En este sentido, me parece importante insistir en el hecho de que – al contrario de lo que parece dar a entender el documental – las presencia y el crecimiento de la población de flamencos no es solamente un fenómeno biológico y evolutivo. En las condiciones actuales de transformación del entorno y el subsecuente deterioro de los ecosistemas y sus servicios, y presión sobre las especies en vida silvestre, la presencia de una población considerablemente saludable de flamencos en la península de Yucatán debe mucho al esfuerzo de hombres y mujeres que entregan su vida a la conservación. Aunque aparecen algunas de las personas y organizaciones involucradas entre los créditos al final de la proyección (pocas personas se quedan a leerlos), no quisiera dejar de mencionar los trabajos de los guardaparques que día con día monitorean las áreas que habitan los flamencos, y que han dedicado además intervalos importantes de sus vidas a contribuir, mediante el anillamiento de polluelos año tras año, al conocimiento de la colonia y sus movimientos migratorios. Estos trabajos, que iniciaron con los esfuerzos del Dr. Sandy Sprunt, el Dr. Jorge Correa, Barbara Montes y el equipo que creó y animó la recientemente fallecida Joann Andrews, y se profundizaron a través de la labor de Xiomara Galvez tras la creación de la asociación civil Niños y Crías, A. C., creada y encabezada durante años por Rodrigo Migoya von Bertrab, llegaron incluso a abrir la posibilidad de colaborar regionalmente en el manejo y monitoreo de la especie, con la participación de algunas entidades de los Estados Unidos, como Florida y Texas, y países como Cuba, Venezuela, Bahamas y Bonaire, en un esfuerzo por lograr una propuesta de manejo de flamencos para el gran Caribe, considerándolos una meta-población que podría ser indicador de la variación de las condiciones que imperan a lo largo de la crisis climática en una región del planeta que sabemos que resulta vulnerable. Estos esfuerzos parecen haber perdido continuidad.

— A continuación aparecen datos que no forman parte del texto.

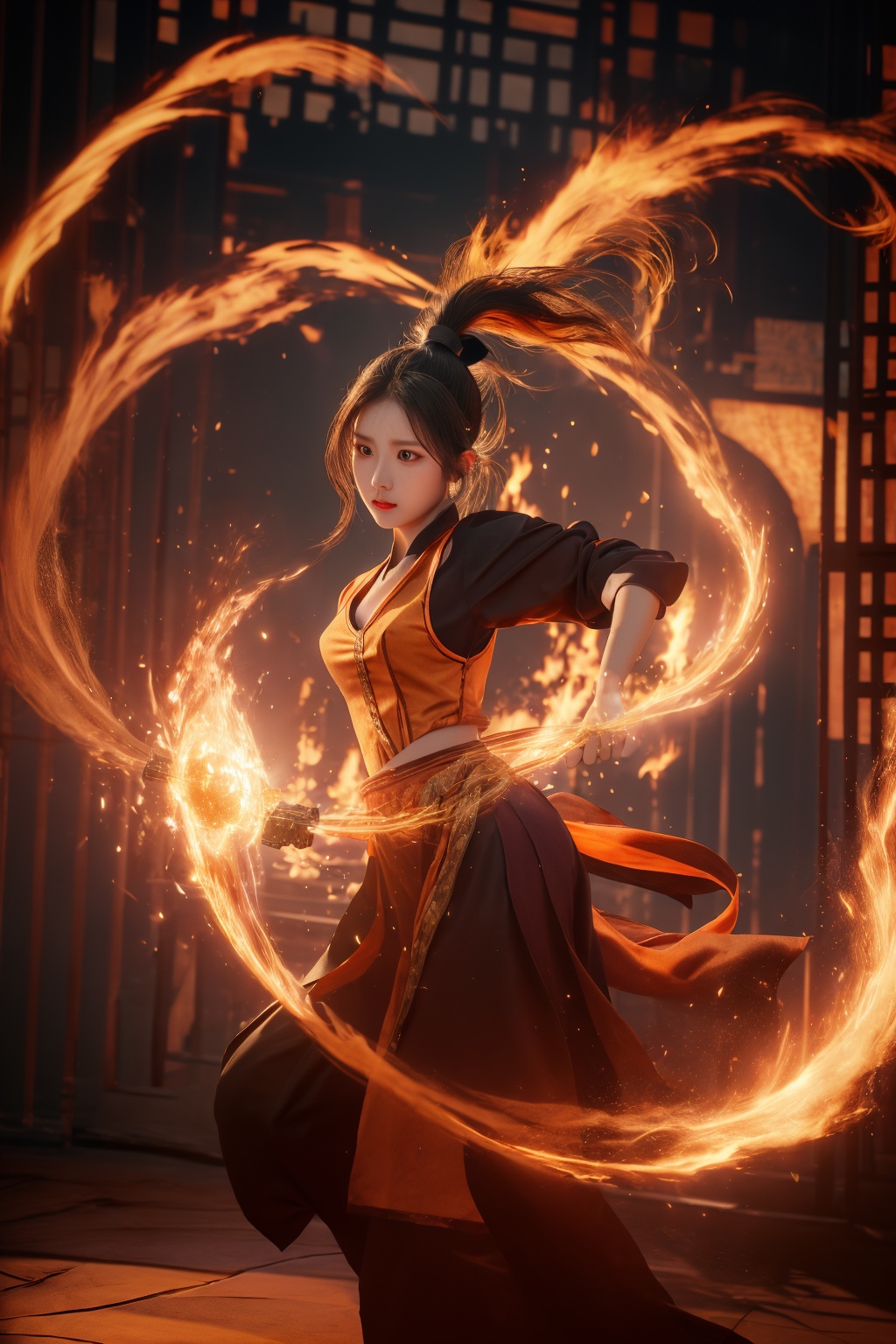 orang-aura,using orang-magic,orang-magic,ancient-costume,dancing,solo,1girl,fire,long hair,ponytail,<lora:magic_fighting_512_15:0.8>,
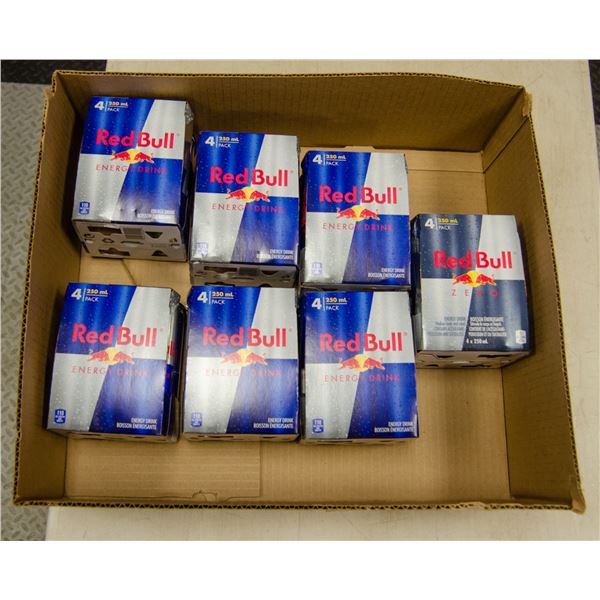 7 FOUR PACKS OF RED BULL ENERGY 250ML PER CAN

En parte, el valor del documental de Hagerman radica en poder lograr una apreciación cercana y empática de la vida de una especie que empata vulnerabilidad y fragilidad con resiliencia y fortaleza. Esa apreciación bien puede reclutar muchas conciencias que contribuirán a la protección de la porción yucatanense de la meta-población de flamencos rosados del Caribe. Saber que hay organizaciones (gubernamentales, de la sociedad civil y académicas) que laboran consistentemente en este sentido puede dar dirección a estas conciencias, que encontrarán dónde convertir el discurso y la emoción en hechos útiles.

Termino con un breve comentario acerca del título, que ha ocasionado que varias personas se pregunten ¿Por qué, “flamingos”, y no “flamencos”? El propio Hagerman lo ha explicado con lucidez, por lo menos durante la entrevista que le hiciera hace unos días Carmen Aristegui: eligió utilizar el anglicismo a sabiendas de que el nombre de la especie en nuestro idioma es “flamencos”, porque reconoció que el uso del término se ha generalizado, digan lo que digan las academias de la lengua, y porque quiso evitar que se le confundiera con el archiconocido baile y cante andaluz. Aunque entiendo su elección, quiebro una lanza por la integridad del idioma, y seguiré insistiendo en que Phoenicopterus ruber, así como el resto de las especies del género, se llama, en castellano, Flamenco.